▶ _TASK BRIEF_
Look for the word "Online" in the entries and copy every line where it shows up.

▶ _DATASET RECORDS_
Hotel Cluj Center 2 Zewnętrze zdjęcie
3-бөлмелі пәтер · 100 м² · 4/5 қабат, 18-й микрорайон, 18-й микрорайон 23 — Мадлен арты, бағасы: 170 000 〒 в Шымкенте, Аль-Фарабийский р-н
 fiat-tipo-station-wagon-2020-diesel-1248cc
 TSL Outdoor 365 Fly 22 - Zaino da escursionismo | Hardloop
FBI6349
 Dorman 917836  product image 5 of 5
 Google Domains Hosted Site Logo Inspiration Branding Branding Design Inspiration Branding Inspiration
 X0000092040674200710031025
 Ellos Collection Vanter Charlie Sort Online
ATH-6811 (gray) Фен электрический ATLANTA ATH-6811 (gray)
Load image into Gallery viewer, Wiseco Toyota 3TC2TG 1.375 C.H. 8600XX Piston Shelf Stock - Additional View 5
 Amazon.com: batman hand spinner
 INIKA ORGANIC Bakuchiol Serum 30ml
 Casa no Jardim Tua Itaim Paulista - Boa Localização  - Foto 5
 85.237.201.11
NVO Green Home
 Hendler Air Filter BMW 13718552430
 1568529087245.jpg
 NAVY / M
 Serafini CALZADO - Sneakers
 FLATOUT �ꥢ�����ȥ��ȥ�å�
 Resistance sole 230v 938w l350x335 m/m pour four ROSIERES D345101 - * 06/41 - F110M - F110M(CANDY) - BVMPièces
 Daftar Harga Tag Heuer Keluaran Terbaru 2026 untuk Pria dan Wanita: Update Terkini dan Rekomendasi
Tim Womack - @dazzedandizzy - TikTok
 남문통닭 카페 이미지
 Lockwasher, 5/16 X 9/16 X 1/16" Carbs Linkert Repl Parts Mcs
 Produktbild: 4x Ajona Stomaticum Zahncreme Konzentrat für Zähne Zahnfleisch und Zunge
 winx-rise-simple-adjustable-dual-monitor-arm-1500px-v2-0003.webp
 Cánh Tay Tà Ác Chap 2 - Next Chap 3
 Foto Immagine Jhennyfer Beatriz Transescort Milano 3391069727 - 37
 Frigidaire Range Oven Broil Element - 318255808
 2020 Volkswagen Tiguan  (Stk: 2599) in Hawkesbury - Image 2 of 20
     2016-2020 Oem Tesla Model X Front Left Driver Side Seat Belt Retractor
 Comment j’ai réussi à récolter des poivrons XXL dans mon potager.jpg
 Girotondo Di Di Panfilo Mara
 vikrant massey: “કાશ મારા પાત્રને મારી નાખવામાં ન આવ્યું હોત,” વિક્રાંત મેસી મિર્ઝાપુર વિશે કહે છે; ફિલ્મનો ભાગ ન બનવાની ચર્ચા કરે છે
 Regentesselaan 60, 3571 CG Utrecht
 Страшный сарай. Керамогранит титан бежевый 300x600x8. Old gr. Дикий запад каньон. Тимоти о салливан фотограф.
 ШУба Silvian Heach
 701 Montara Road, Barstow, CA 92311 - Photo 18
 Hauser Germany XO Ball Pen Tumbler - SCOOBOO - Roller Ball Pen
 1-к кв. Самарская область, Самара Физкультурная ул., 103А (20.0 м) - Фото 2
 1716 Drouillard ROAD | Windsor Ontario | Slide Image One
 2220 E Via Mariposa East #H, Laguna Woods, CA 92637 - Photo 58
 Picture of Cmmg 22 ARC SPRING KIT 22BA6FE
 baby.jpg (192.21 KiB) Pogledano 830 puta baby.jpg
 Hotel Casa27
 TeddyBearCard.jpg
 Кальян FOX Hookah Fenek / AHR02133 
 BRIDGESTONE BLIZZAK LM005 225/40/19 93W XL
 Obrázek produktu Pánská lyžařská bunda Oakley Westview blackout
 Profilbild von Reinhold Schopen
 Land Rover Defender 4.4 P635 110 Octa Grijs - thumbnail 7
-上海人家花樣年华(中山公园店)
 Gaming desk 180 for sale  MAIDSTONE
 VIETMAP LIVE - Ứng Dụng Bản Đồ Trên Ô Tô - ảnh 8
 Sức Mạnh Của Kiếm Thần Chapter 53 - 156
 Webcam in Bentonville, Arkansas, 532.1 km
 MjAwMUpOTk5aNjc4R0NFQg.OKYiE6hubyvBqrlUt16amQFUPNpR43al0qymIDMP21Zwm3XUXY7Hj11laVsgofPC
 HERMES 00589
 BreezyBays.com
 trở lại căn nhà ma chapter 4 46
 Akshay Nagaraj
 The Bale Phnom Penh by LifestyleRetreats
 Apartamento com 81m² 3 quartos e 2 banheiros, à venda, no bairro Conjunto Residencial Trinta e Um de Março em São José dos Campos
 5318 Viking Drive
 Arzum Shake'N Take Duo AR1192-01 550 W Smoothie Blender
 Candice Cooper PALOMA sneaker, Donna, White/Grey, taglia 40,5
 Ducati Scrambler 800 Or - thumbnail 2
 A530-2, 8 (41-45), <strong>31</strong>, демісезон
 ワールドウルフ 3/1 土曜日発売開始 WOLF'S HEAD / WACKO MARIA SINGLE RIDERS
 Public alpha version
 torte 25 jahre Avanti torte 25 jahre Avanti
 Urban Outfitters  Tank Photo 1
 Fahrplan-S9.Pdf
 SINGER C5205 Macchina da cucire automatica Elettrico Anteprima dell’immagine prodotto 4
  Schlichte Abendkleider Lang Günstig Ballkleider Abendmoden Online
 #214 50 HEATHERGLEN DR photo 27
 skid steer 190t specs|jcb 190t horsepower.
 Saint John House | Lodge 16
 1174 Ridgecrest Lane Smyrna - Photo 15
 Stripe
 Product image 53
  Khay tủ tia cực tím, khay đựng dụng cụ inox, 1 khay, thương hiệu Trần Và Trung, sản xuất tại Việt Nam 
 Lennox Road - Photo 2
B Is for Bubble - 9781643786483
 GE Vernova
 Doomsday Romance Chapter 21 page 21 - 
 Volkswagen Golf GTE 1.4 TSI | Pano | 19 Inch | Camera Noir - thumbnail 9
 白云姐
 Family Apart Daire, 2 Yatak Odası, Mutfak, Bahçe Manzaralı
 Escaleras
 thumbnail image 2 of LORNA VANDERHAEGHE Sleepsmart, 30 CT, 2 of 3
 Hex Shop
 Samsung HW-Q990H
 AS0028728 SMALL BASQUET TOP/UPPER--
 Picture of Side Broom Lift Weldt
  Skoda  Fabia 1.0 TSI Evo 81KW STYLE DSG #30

▶ _EXERCISE RESPONSE_
 Ellos Collection Vanter Charlie Sort Online
  Schlichte Abendkleider Lang Günstig Ballkleider Abendmoden Online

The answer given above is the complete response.